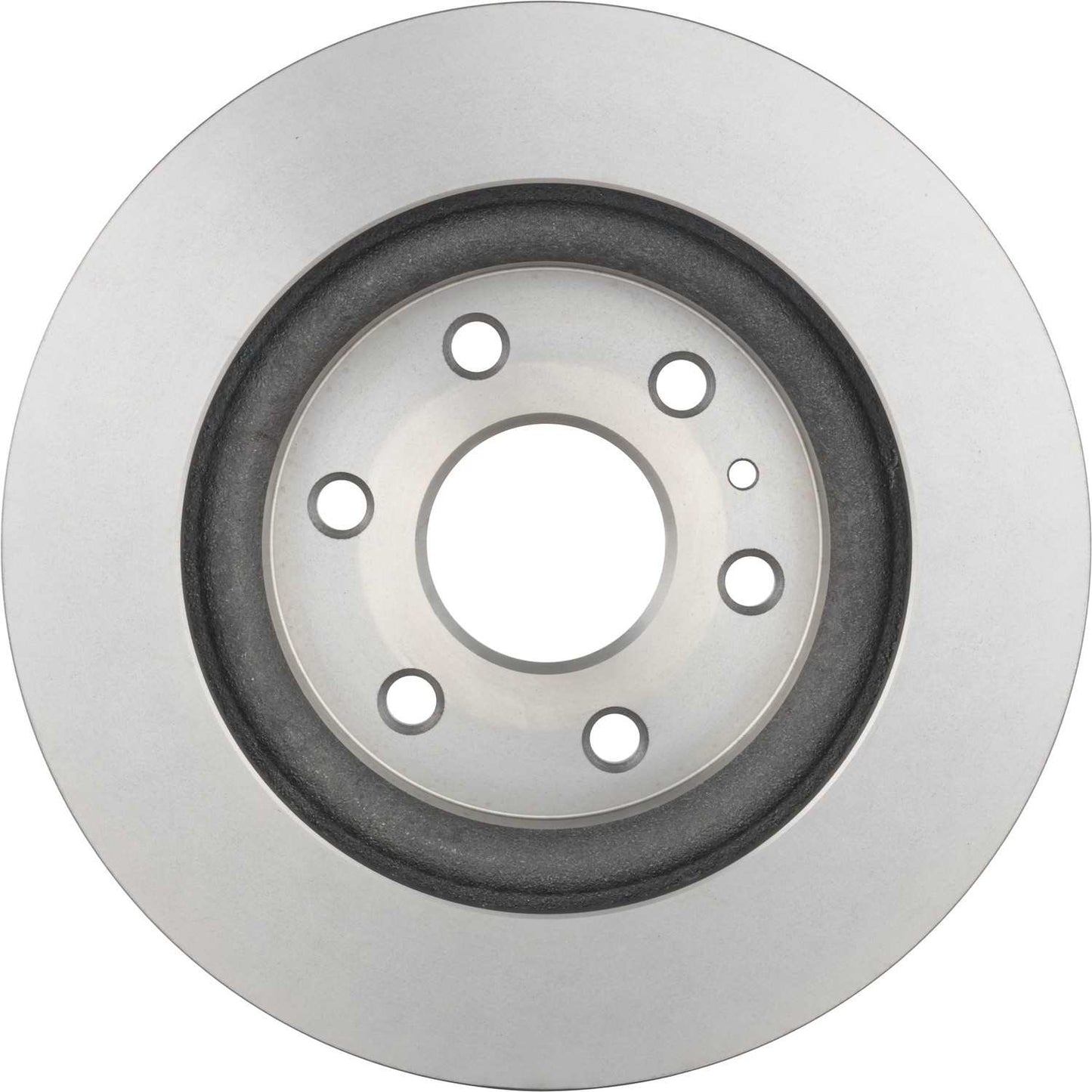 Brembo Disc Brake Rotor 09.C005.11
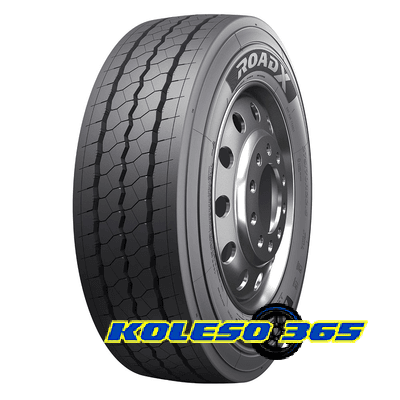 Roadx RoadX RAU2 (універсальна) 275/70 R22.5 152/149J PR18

+ + + + + + +

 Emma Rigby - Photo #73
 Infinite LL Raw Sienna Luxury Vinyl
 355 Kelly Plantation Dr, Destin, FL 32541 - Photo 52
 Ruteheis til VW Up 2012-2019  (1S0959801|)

+ + + + + + +

* What the task requires
Only one stretch of the records above is wanted: the lines between the one holding "Infinite LL Raw Sienna Luxury Vinyl" and the one holding "Ruteheis til VW", inclusive, reproduced exactly.

* Result for this exercise
 Infinite LL Raw Sienna Luxury Vinyl
 355 Kelly Plantation Dr, Destin, FL 32541 - Photo 52
 Ruteheis til VW Up 2012-2019  (1S0959801|)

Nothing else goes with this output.